Tonga PM fears asset seizures as Pacific debts to China mount

Tonga PM fears asset seizures as Pacific debts to China mount
By Charlotte Greenfield and Jonathan Barrett

By Charlotte Greenfield and Jonathan Barrett

WELLINGTON/SYDNEY (Reuters) – Pacific island nations are holding talks which could lead to a coordinated request that China forgive mounting debts in the region amid concerns Beijing may start seizing strategic assets, Tonga’s Prime Minister ‘Akilisi Pōhiva said on Thursday.

Tonga, one of eight island nations in the South Pacific carrying significant debt to China, is due to start repaying loans next month after borrowing heavily in the aftermath of deadly riots in 2006 that destroyed large parts of its capital.

China’s possession of a Sri Lankan port as Colombo struggled with a spiralling debt crisis meant asset seizures could not be ruled out, Pōhiva told Reuters in a phone interview from Tonga.

“If it happens in Sri Lanka, it can happen in the Pacific – so it is entirely an option for China to consider,” said Pōhiva, who did not identify any specific assets at risk of being seized.

“If we fail to meet the requirements and conditions set out in the agreement … we have to pay the cost for our failure to meet the conditions.”

China’s Foreign Ministry did not immediately respond to a request for comment on Thursday. It has previously said there was no evidence China was responsible for creating unsustainable debt and that it retained good relations with Tonga.

In April, media reports suggested China wanted to establish a military base in the Pacific island nation of Vanuatu after funding a wharf big enough to handle warships. Both China and Vanuatu denied the reports.

Pōhiva, who came to power after the bulk of Tonga’s $115 million debt to China was accumulated, said the region should negotiate as one.

“It is no longer an issue for individual countries because there are small countries who borrowed from China and we have problems with that and the option is to collectively work together to find a way out.”

Regional leaders are due to gather at a Pacific Islands Forum early next month in the island nation of Nauru where Pōhiva said they will progress plans to ask for their debt to be forgiven.

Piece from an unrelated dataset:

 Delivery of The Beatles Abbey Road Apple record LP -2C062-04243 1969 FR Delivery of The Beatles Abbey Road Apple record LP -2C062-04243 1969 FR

China, which has a status as a ‘dialogue partner’ in the grouping, has sent an envoy to the event since 2007.

For a graphic on Chinese loans to Pacific nations on the rise, click https://tmsnrt.rs/2LG3p6S

DEBTS MOUNT

A recent Reuters analysis of the financial books of South Pacific island nations showed China’s lending programmes have gone from almost zero to over $1.3 billion currently outstanding in a decade.

The relatively high debt burdens in the small economies has stoked fears the region risks falling into financial distress and becoming more susceptible to diplomatic pressure from Beijing.

Despite holding little economic sway, each small Pacific state represents a vote at international forums such as the United Nations. They also control vast swathes of resource-rich ocean and access to the region holds strategic military significance.

China has forgiven debt owed to it by some countries in the past.

In 2016, China cancelled about $90 million in Cambodian debt at a time when Phnom Penh was seeking exemptions to longstanding debt to the United States.

But Beijing has also moved ahead with fresh loans and aid to the country, becoming its most important diplomatic and economic backer as Cambodia’s relations with the United States have frayed.

Australia and New Zealand, traditionally the main powers in the South Pacific, have raised concerns about China’s growing influence in the region, and led efforts to give more attention and aid to their island neighbours.

Australia’s Minister for International Development and the Pacific, Concetta Fierravanti-Wells, said they were worried about the impact of heavy debt levels on vulnerable economies.

“This whole issue with Tonga has gone through the Pacific like a dose of salts, and understandably, because the money they now need to repay their loan means they have less money for health and education,” Fierravanti-Wells told Reuters in a phone interview.

New Zealand’s Foreign Minister and Deputy Prime Minister Winston Peters said in an emailed statement that “over-leveraging in any situation is always a bad idea”.